Start of Supplied data
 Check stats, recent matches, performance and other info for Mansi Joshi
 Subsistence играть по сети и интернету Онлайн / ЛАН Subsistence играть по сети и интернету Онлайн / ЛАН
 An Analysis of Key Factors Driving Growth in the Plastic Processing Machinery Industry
End of Supplied data
Start of Supplied data
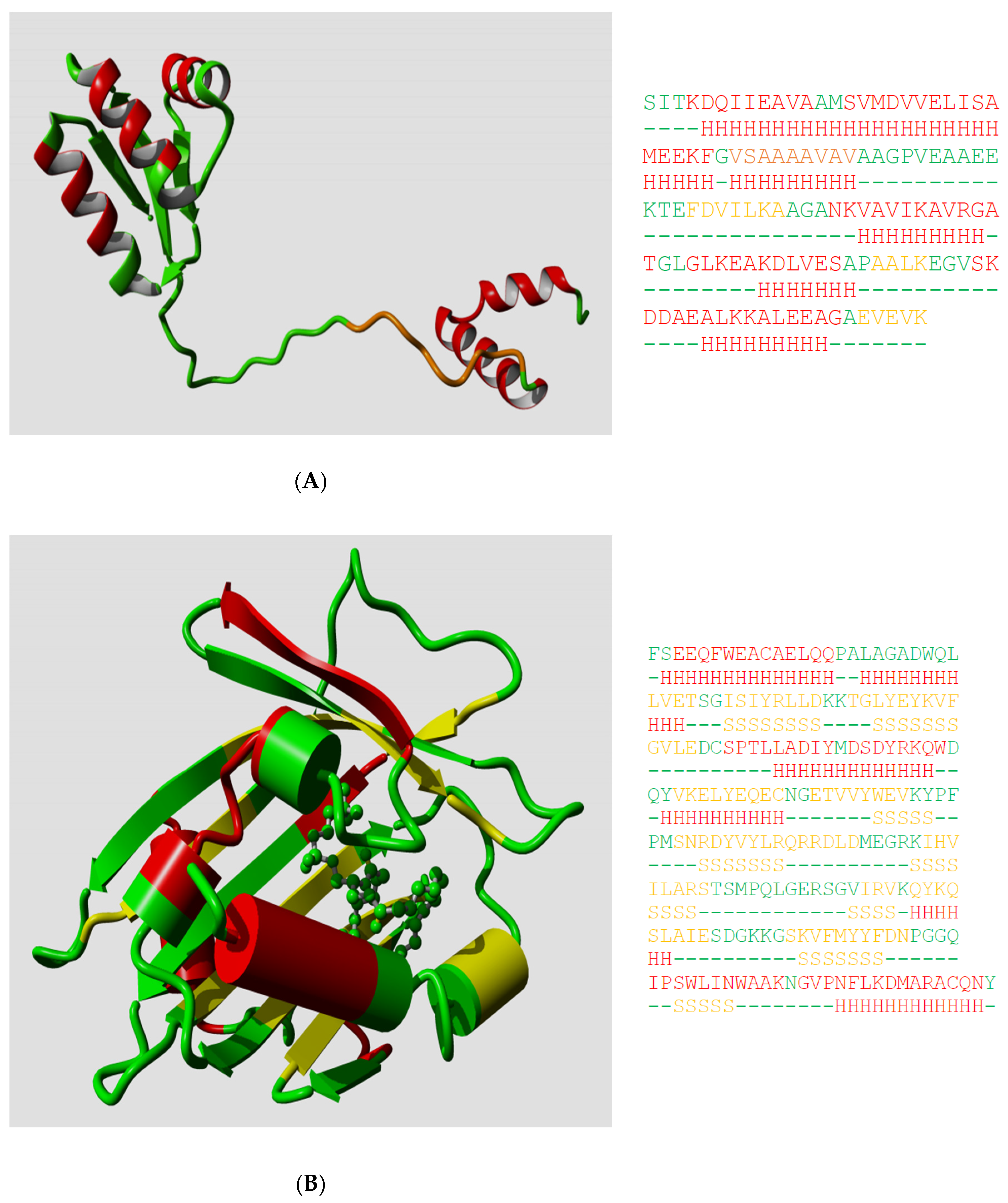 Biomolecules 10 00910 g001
End of Supplied data
(Work to complete):
Using only the listing above, restate exactly the lines from the line containing "Check stats, recent" through the line containing "An Analysis of", both included.

(Written solution):
 Check stats, recent matches, performance and other info for Mansi Joshi
 Subsistence играть по сети и интернету Онлайн / ЛАН Subsistence играть по сети и интернету Онлайн / ЛАН
 An Analysis of Key Factors Driving Growth in the Plastic Processing Machinery Industry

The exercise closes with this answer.